The Globe analyzed the career paths of 750 of the highest ranking generals and admirals who retired during the last two decades and found that, for most, moving into what many in Washington call the “rent-a-general’’ business is all but irresistible.

From 2004 through 2008, 80 percent of retiring three- and four-star officers went to work as consultants or defense executives, according to the Globe analysis. That compares with less than 50 percent who followed that path a decade earlier, from 1994 to 1998.

In some years, the move from general staff to industry is a virtual clean sweep. Thirty-four out of 39 three- and four-star generals and admirals who retired in 2007 are now working in defense roles — nearly 90 percent.

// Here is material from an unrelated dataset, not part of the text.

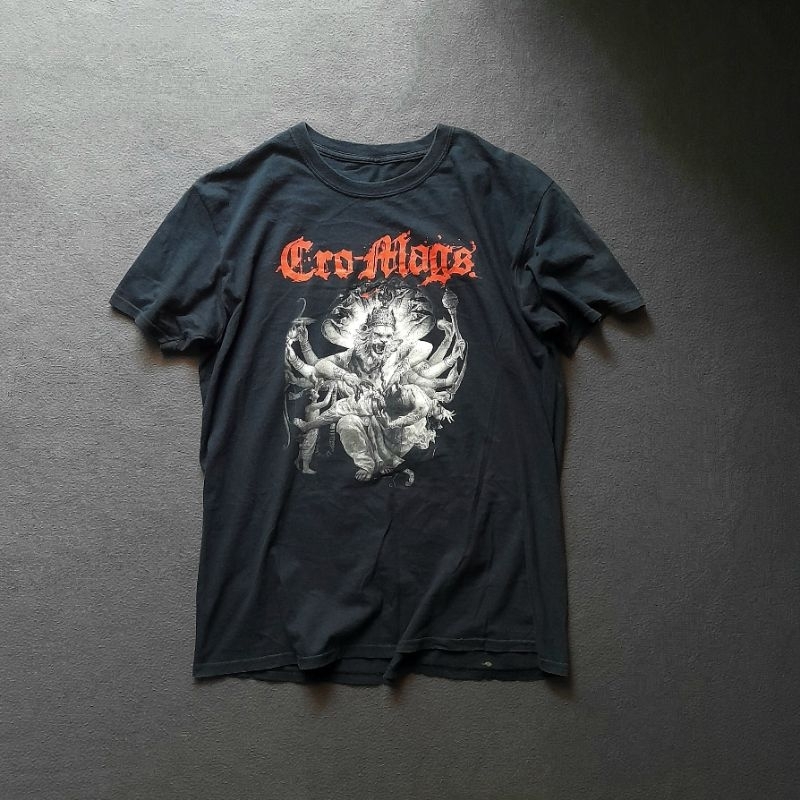 kaos band cro mags hardcore not turnstile gorilla boscuits metallica second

If you're worried America teeters on the brink of banana-republican decadence, worry about this. These days, old soldiers never fade away, they just pull down seven-figure salaries from General Dynamics. Reading this piece—and please do read it—the outrageousness of ex-generals raking in ungodly sums hawking war machines to their junior ex-colleagues becomes so vivid, one naturally wonders why it is so little remarked upon by the guardians of the public interest. James Fallows takes a crack at it:

So a problem that's been recognized for at least half a century seems to have become worse than ever—and yet it's not discussed at all by politicians and rarely in the press. I think this has something to do with the distortions of the "narrow sliver of the population" era of the American military. As SecDef Gates and countless others have pointed out, the whole American nation is in no sense "at war," but the minority who serve (again and again) in Afghanistan, Iraq, and elsewhere most definitely have been, for years. Some background sense of unease or guilt may make it harder for politicians to do more than compete in saying that they "support the troops."

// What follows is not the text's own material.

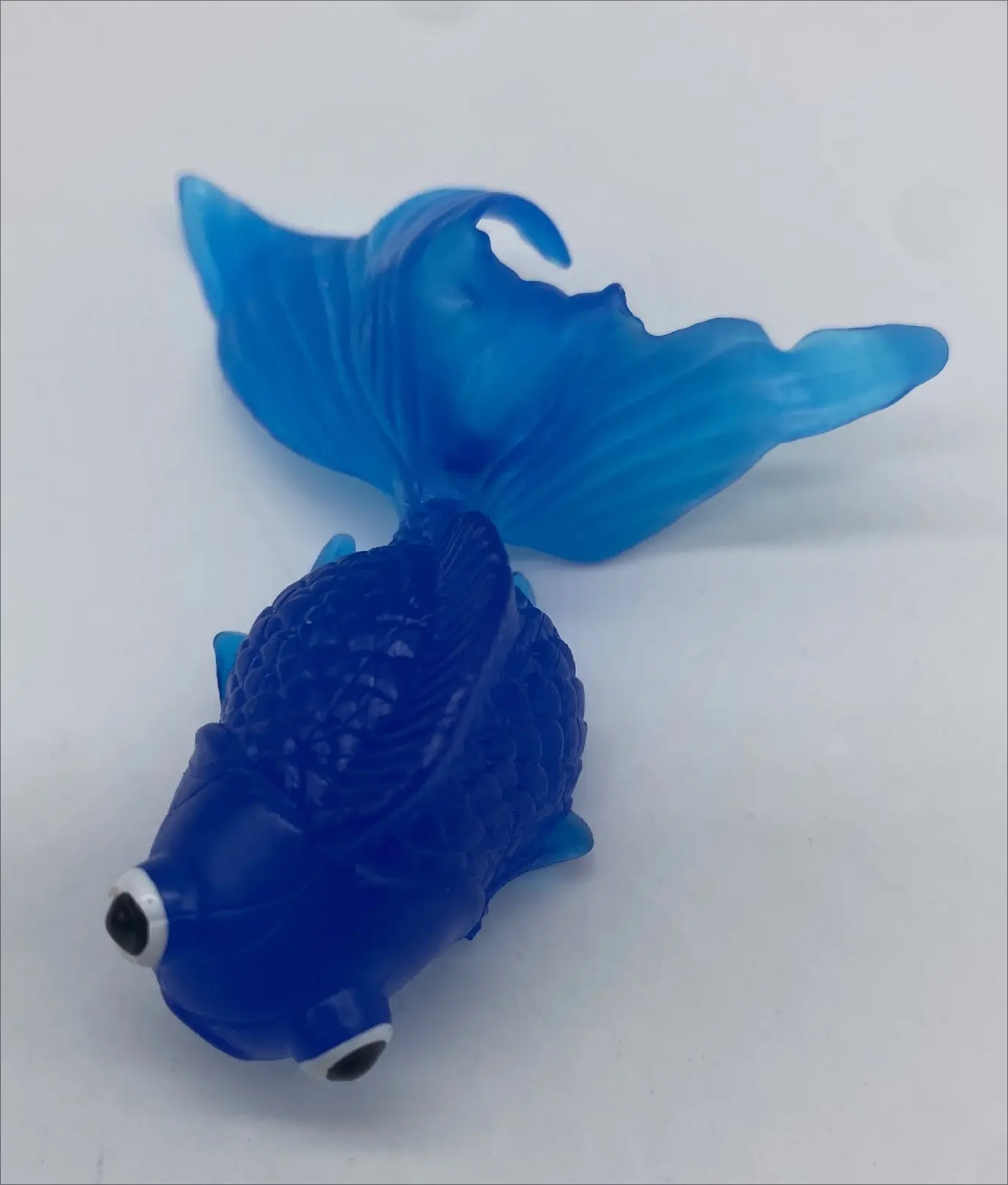 Children's Bathtub Swimming Floating Simulation Goldfish Model Soft Rubber Marine Life Water Puzzle Parent-Chil Toy Gift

I think there much to be said for this, but there's got to be more to the story. America's drawn-out wars abroad are stupendously expensive. The stupendous expense of course attracts profit-seeking firms rather like sharks to blood. And the wars are so drawn out in part because, as Mr Fallows and Robert Gates suggest, there's nothing concrete at stake for most Americans. Like the hum of an air conditioner, after a while, one simply stops noticing the wars are there, much less that many billions of taxpayer dollars are thereby making some private citizens immensely rich.

However, I don't think we ought to overlook the extent to which the rise of military corporatism (or is it corporatist militarism?) has been helped by the public-relations victories of the ideological advocates of American supremacy at Fox News, the Weekly Standard, and the Washington Post op-ed page. Among those victories is the close connection in the public mind between support for America's wars—for American military might in general—and American patriotism. That's why we don't much see putatively limited-government tea partiers decrying the relationship of symbiotic parasitism between arms makers and the war-making state. As the first of Glenn Beck's nine principles puts it, "America is good". So America's wars are ipso facto good wars. And, heck, if we need new armoured ground vehicles to win our good wars, don't we want experienced men—old soldiers who really know what they're talking about—levelling the sales pitch to the officers who rose to fill their vacated combat boots?

Of course, patriotism is practically made to be co-opted in this way, which is why I'm against it. It tends toward a potent and inescapable form of political correctness that subtly and not-so-subtly discourages journalists and other opinion-makers from taking up the muck-rake against past and present "heroes" in uniform. That's why articles such as Mr Bender's are so rare, and deserve to be read and praised, even when they emerge only in our unwon wars' unpopular latter days.